`torch.multiprocessing.SimpleQueue` on an `IterableDataset`

remiliani93 · October 19, 2021, 4:52pm

Hi, I wanted to know if it is possible to use a torch.multiprocessing.SimpleQueue other than the two examples provided in the IterableDataset documentation to split the work among the num_worker. Let me set up a dummy example.

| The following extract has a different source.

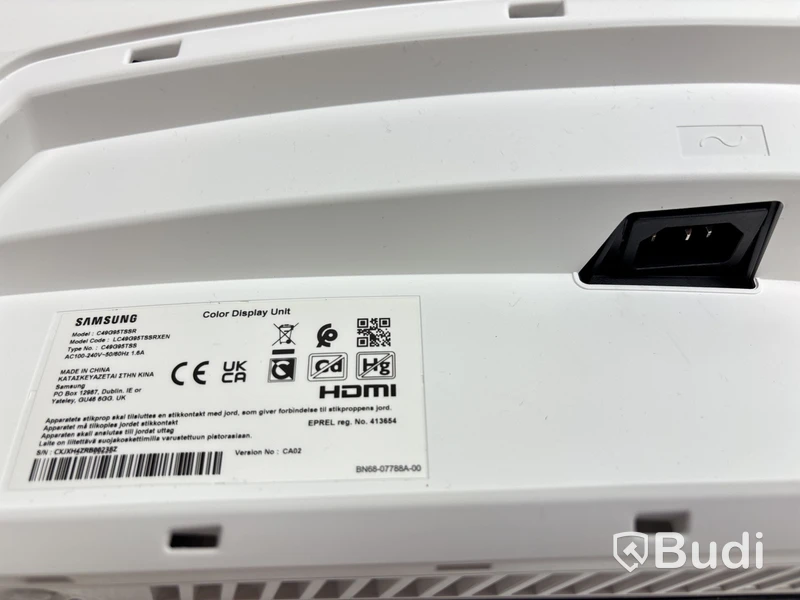 Gamingskärm Samsung C49G95TSSR välvd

Assume the following map-style Dataset:

class MyMapDataset(Dataset):
    def __init__(self, length: int = 100):
        self.length = length

    def __getitem__(self, index) -> torch.Tensor:
        return torch.arange(0, index + 1)

    def __len__(self):
        return self.length

Now we have an iterable-style dataset that uses the MyMapDataset:

class MyIterableDataset(IterableDataset):
    def __init__(self, dataset: MyMapDataset):
        self.dataset = dataset
        self.queue = SimpleQueue()

        # Put the indices to process in a shared queue.
        for index in range(len(self.dataset)):
            self.queue.put(index)

    def __iter__(self):
        while not self.queue.empty():
            yield from self.dataset[self.queue.get()]

And finally to run:

map_dataset = MyMapDataset()
iterable_dataset = MyIterableDataset(dataset=map_dataset)
dl = DataLoader(iterable_dataset, num_workers=4)
for sample in dl:
    pass

Will the SimpleQueue be created on the main process and then all the workers will have access to it or will this just create num_workers instances of a SimpleQueue?